AVP functions in dehydration and in cases of blood loss. When the body is
deprived of water, through excessive sweating for example, the plasma
osmolality increases. The osmoreceptors situated around the major arteries, for
example the carotids sense this increased osmolality and release AcH. When
there is a decrease in central blood volume, e.g. by a road traffic accident
rupturing the spleen or liver. This causes a decreased blood pressure, resulting
in cranial nerves 9 and 10 to release their constant tonic inhibitory impulses. This
will result in a decreased alpha adrenergic inhibition and the release of AVP from
neurons.

Other factors regulate AVP, including pain or stress. In this case AVP will prepare
the brain and muscles with the perfusion required for flight and fight reactions. In
fever, sweating increases, so does the release of AVP, to help the kidney CD and
thick cortical tubule to become more permeable to water. In fact that is the
reason why urine is more concentrated when a patient is feverish. B adrenergic
agents also increase the concentration of avp by helping to reduce the tonic
inhibition of alpha adrenergic receptors. Estrogens also stimulates AVP, in fact
when oestrogen levels are high, women feel bloated. Stimulatory to AVP are also
opiates, nicotine and prostaglandins.

AVP is inhibited by alpha adrenergic agents. Atrial Naturetic Peptide also inhibits
AVP. ANP allows the kidney to excrete a higher concentration of salt and water in
urine. Ethanol is also another AVP depressor such is hypothermia.

If there is a decreased water intake, or a decreased appetite for salt, the blood
pressure will decrease and the plasma volume will also decrease. This will inhibit
venous return, which will inhibit the secretion of ANP, since a high venous return
is required for this enzyme to be secreted. ANP usually will act on the kidney
directly by increasing the secretion of sodium and water in urine and decreasing
the concentration of rennin, which will decrease plasma volume. The kidney is
also affected indirectly by ANP which decrease aldosterone release. Thus if a low
venous return inhibits ANP, the processes just described will be reversed.

The secondary actions of AVP are hypothermia- why this hormone is shut down
during hypothermia, and why it is switched on in fevers. AVP also facilitates
memory and consolidation and peripheral vasoconstriction.

AVP acts on three receptors: V1a, V1b and V2, all of which are G proteins. V1b
activation will result in an increased calcium concentration in cells which results
in an increased vasoconstriction. Stimulation of the V1B, will also increase
cellular calcium concentrations, ACTH is secreted which is a stimulus to the
pituitary. The V2 receptor, when stimulated will result in an increase in cAMP as
a second messenger. This will make the CD and thick ascending limb more water
permeable. The pathology in nephrogenic diabetes insipidus is this receptor.

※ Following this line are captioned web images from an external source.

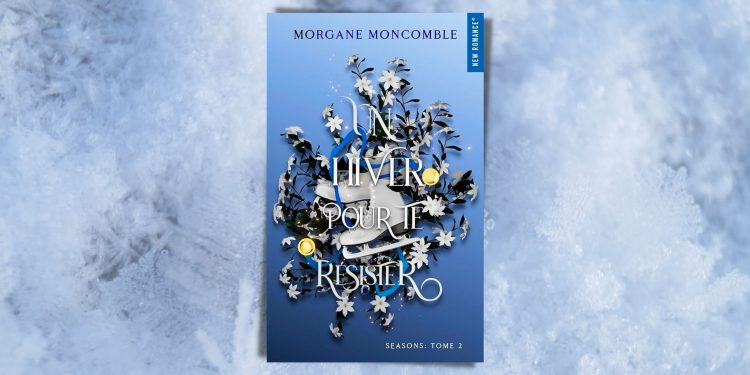 Un hiver pour te résister de Morgane Moncomble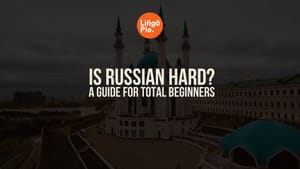 Is Russian Hard to Learn? A No-Nonsense Guide [2026]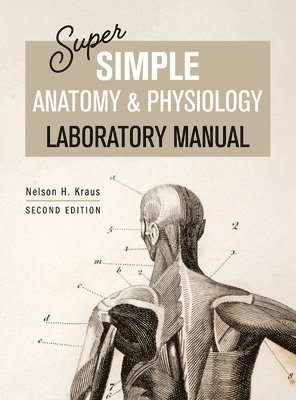 bokomslag Super Simple Anatomy and Physiology Laboratory Manual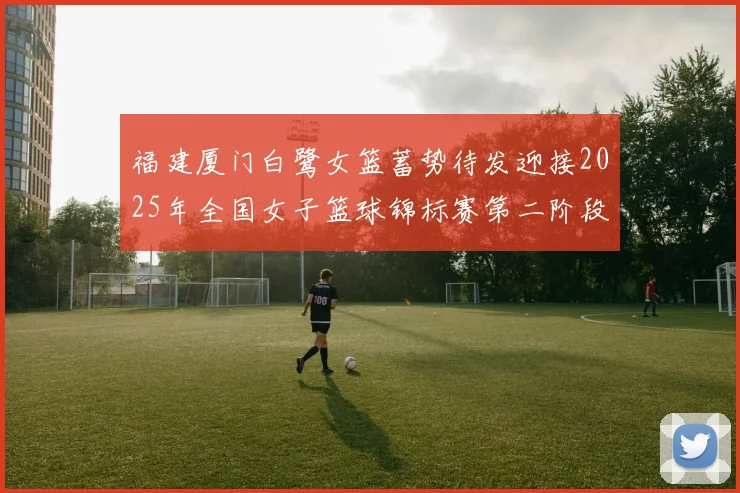 福建厦门白鹭女篮蓄势待发迎接2025年全国女子篮球锦标赛第二阶段挑战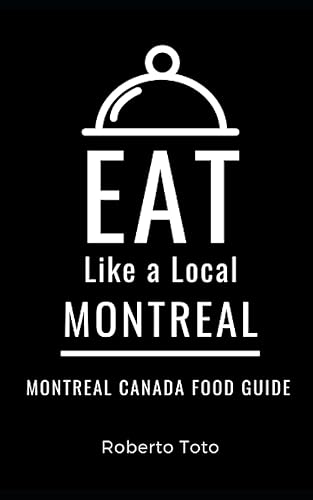 Eat Like a Local- Montreal Montreal Canada Food Guide (Eat Like a Local- Canada)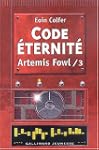 ART�MIS FOWL T.03 : CODE �TERNIT�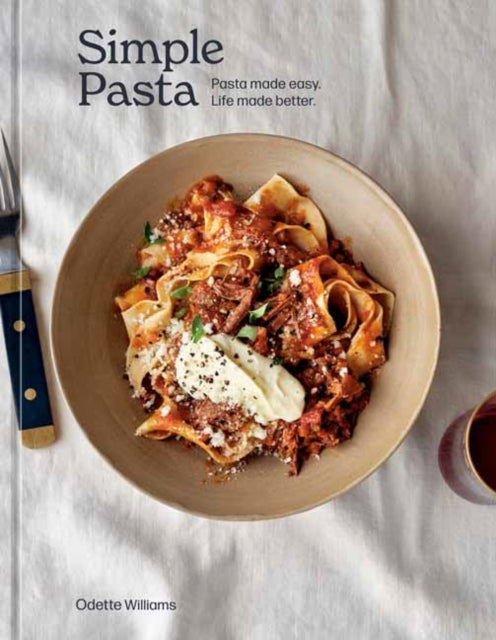 Simple Pasta: Pasta Made Easy. Life Made Better.: A Cookbook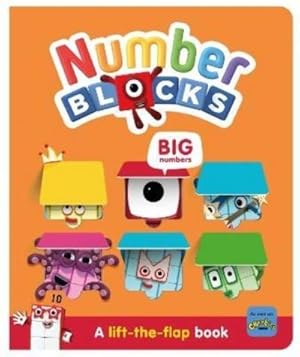 Immagine del venditore per Numberblocks Big Numbers: A Lift the Flap Book venduto da AHA-BUCH GmbH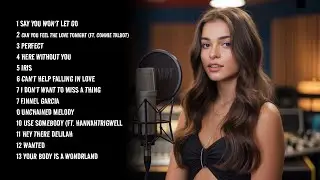 20 ACOUSTIC COVER Love Songs/Wedding Songs (feat. Connie Talbot, Jennel Garcia, and Hannah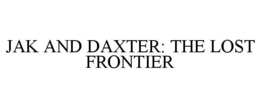 JAK AND DAXTER: THE LOST FRONTIER trademark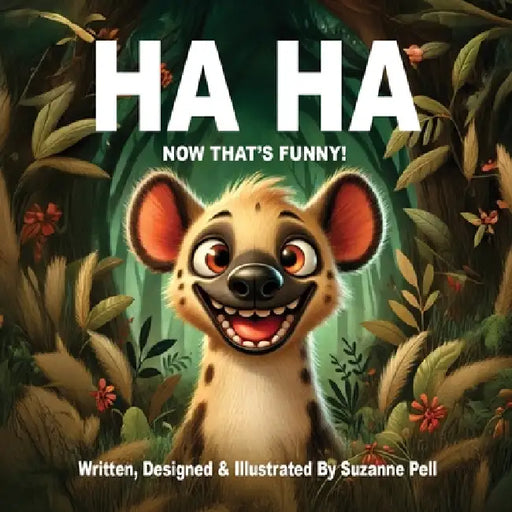 Ha Ha: Now That's Funny by Suzanne Lydia Pell, Suzanne Lydia Pell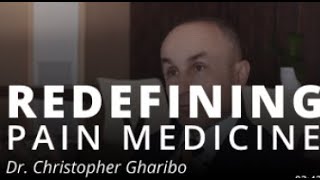 Dr Christopher Gharibo Redefining Pain Medicine [upl. by Iccir486]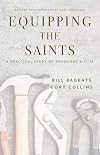 Equipping the saints : a practical study of Ephesians 4:11-16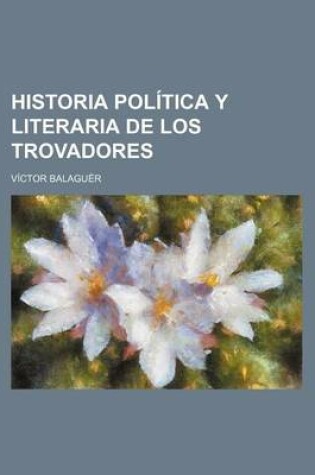 Cover of Historia Politica y Literaria de Los Trovadores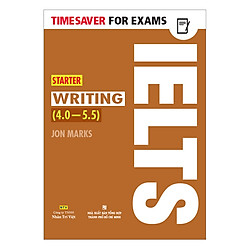 Timesaver For Exams – IELTS Starter Writing 4.0 – 5.5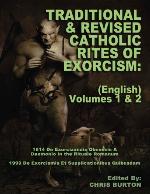 Traditional and Revised Catholic Rites Of Exorcism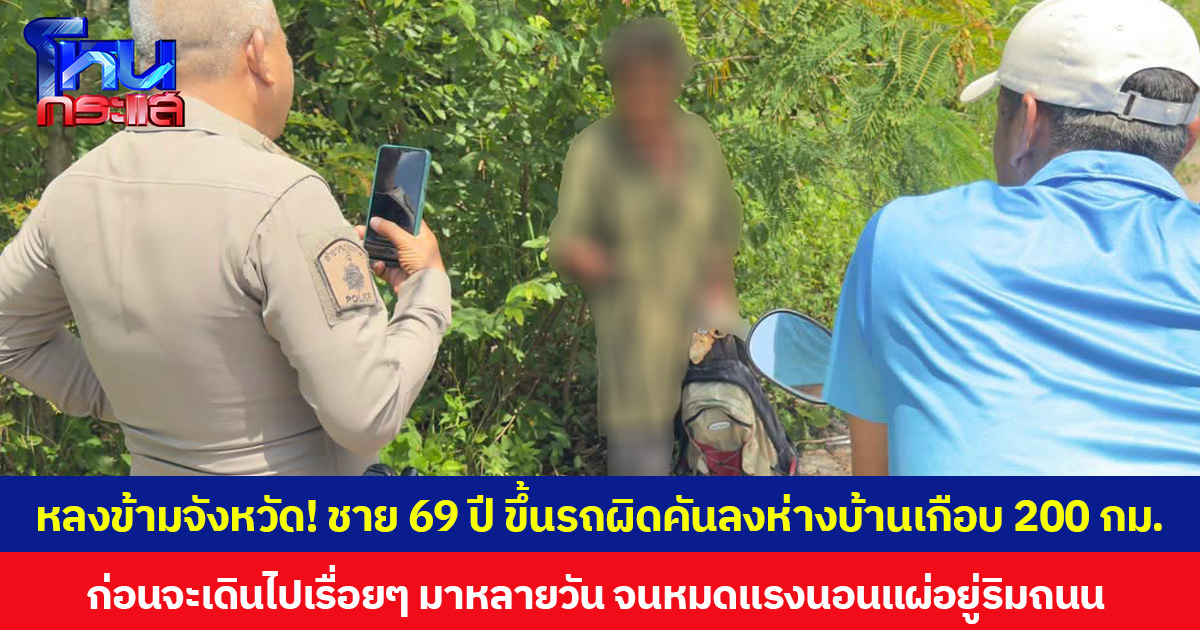 หลงข้ามจังหวัด! ชาย 69 ปี ขึ้นรถผิดคันลงห่างบ้านเกือบ 200 กม. ก่อนจะเดินไปเรื่อย ๆ มาหลายวัน จนหมดแรงนอนแผ่อยู่ริมถนน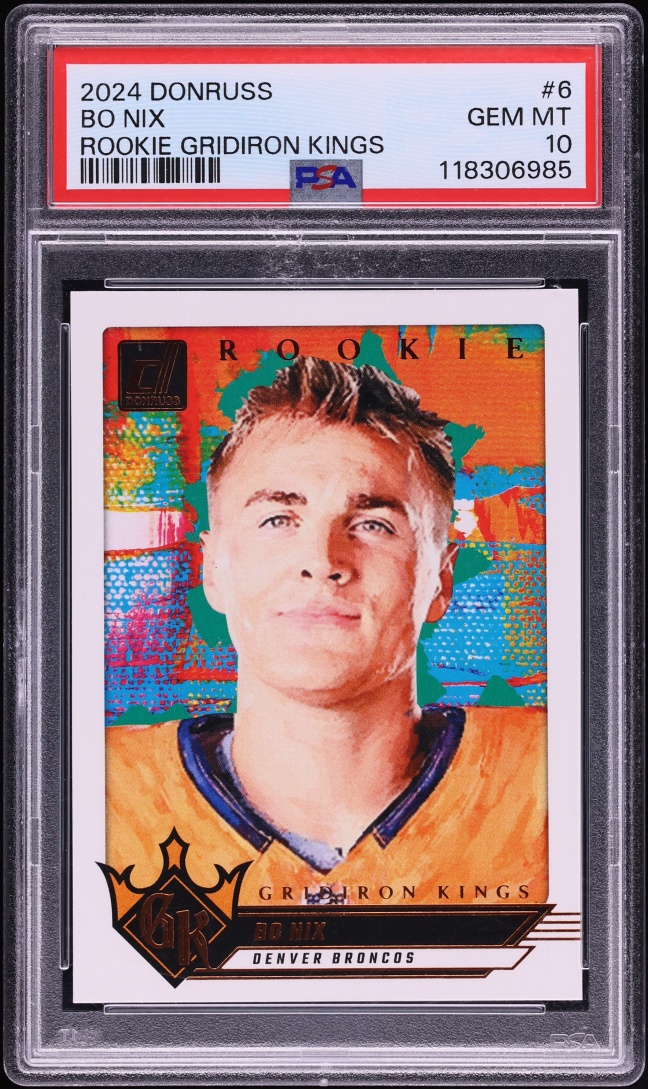 2024 Donruss Gridiron Kings Bo Nix ROOKIE #6 PSA 10 GEM MINT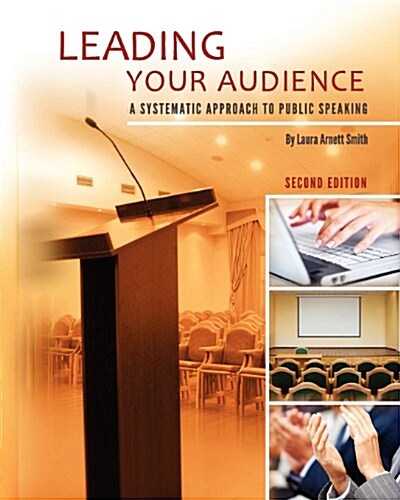 Leading Your Audience: A Systematic Approach to Public Speaking (Second Edition) (Paperback)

Both men and woman have oxytocin production. The stimuli for secretion are
vaginal and breast stimulation and the baby’s cry at birth. The cerebral cortex
will recognise the cry and the paraventricular and supraoptic nuclei are
stimulated to release oxytocin and there is the milk ejaculation reflex. In mothers
who do not produce oxytocin, breast feeding may be difficult.

Oxytocin is also helpful during labour. During pregnancy there is an increase in


the oxytocin receptors. As the uterus grows it will contract at first irregularly but
later on contraction is more frequent. When the baby’s head presses on the
cervix, the cervix and vagina will dilate and nerves are sent to the posterior
pituitary, to secrete more oxytocin, which causes the uterine muscles to contract
more. This is an example of a positive feedback mechanism.

Secondary effects includes, curbing appetite for salt, uterine contractions during
intercourse, contraction if vas deferens during ejaculation. Fever, high
temperatures, pain and loud noise prevent oxytocin release.